WORD2PARVEC TOOLKIT Oren Melamud, 2015
NOTE: The word2parvec toolkit is provided 'AS IS' with no warranty whatsoever.
word2parvec is a toolkit that learns paraphrase vector (parvec) representations for word meanings in context. The model is described in the following paper (please cite if using this toolkit):
Oren Melamud, Ido Dagan, Jacob Goldberger. Modeling Word Meaning in Context with Substitute Vectors. NAACL, 2015.

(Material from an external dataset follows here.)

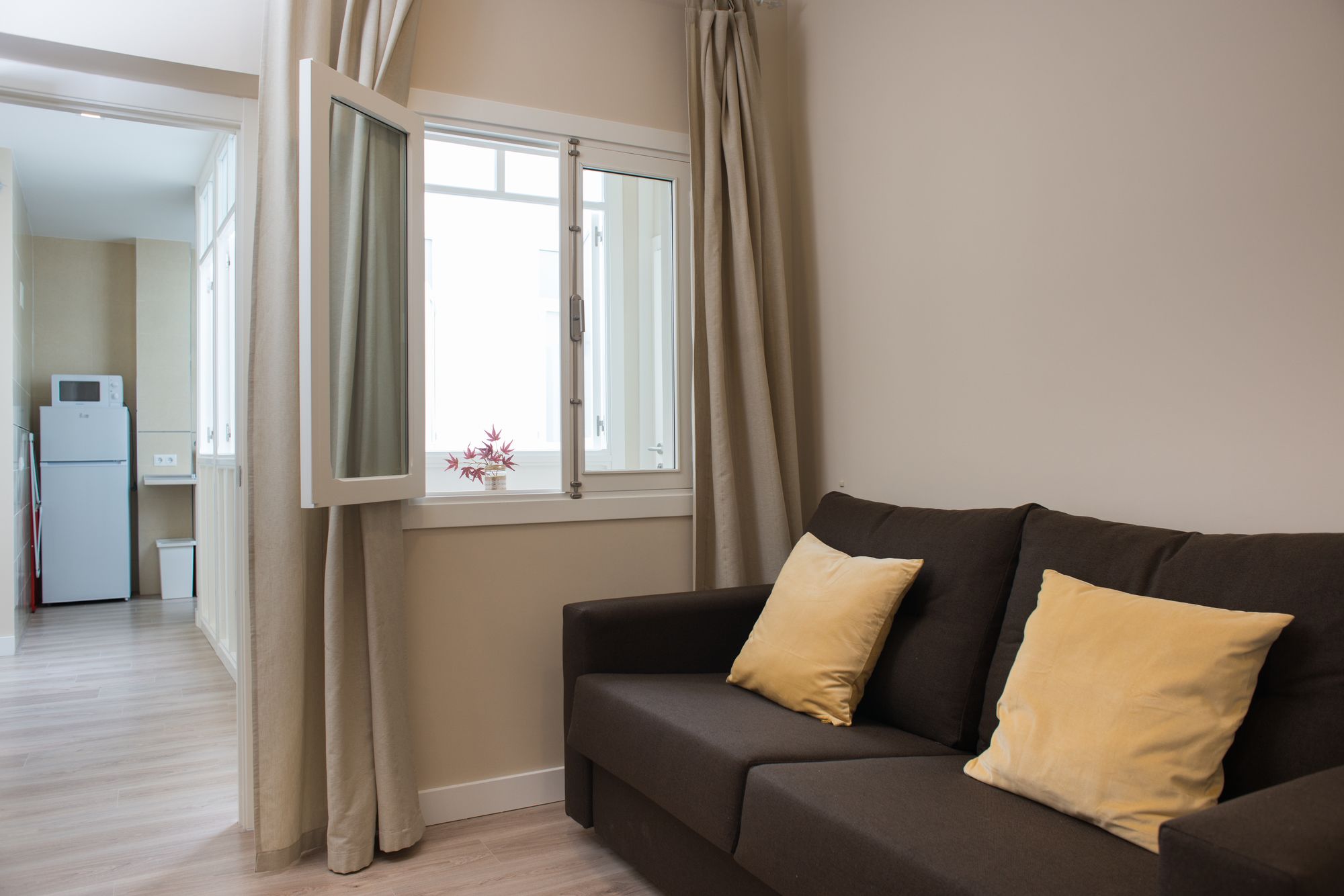 Фото La Posada Del Mercado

This readme file explains how to use the toolkit. The procedure includes the following steps:
1. Preprocessing the learning corpus 2. Learning an n-gram language model from the corpus 3. Extracting sentential contexts from the corpus for all target words a. Choosing target words b. Sampling target words contexts c. Generating substitute vector (subvec) representations for contexts
4. Generating parvecs for target words in sentential context
The toolkit also includes:
5. A simple Wordnet-based pseudoword generator 6. An application that evaluates subvec/bow/cbow context similarity measures using pseudowords
- Preprocessing the learning corpus
This is a common procedure in many NLP tasks. Use your favorite tools to perform the following steps: 1.1 Sentence split - one sentence per line 1.2 Tokenize - space-delimited tokens in each line Optional: 1.3 Convert all words to lowercase 1.4 Convert rare words to special token (e.g. ) 1.5 Convert numbers to special token (e.g. ) 1.6 Shuffle the lines of the corpus to avoid unintentional bias to corpus structure
We denote the preprocessed learning corpus file as CORPUS. Finally, use the following script to generate a vocabulary file, denoted VOCAB, for the corpus:
cat CORPUS | python count_vocab.py 0 > VOCAB
- Learning an n-gram language model from the corpus
There are several n-gram language model toolkits. You can use any toolkit that can export the leanred language model into a standard ARPA format. We denote the language model ARPA file as LM.arpa
KenLM is one good option: You can download this toolkit from https://kheafield.com/code/kenlm/ and follow the instructions. An example command line for learning a 5-gram Kneser Ney language model is: bin/lmplz -o 5 -S 48G -T ~/tmp --text CORPUS --prune 0 2 2 2 2 > LM.arpa
- Extracting sentential contexts from corpus for all target words
3.a. Choosing target words
Create a file with one word per line comprising all of the target words that you will need in your application. We denote the target file as TARGETS
Note that you will need to allocate sufficient disk space for storing the contexts that will be collected from the corpus for each of the targets (~20M per each target word type).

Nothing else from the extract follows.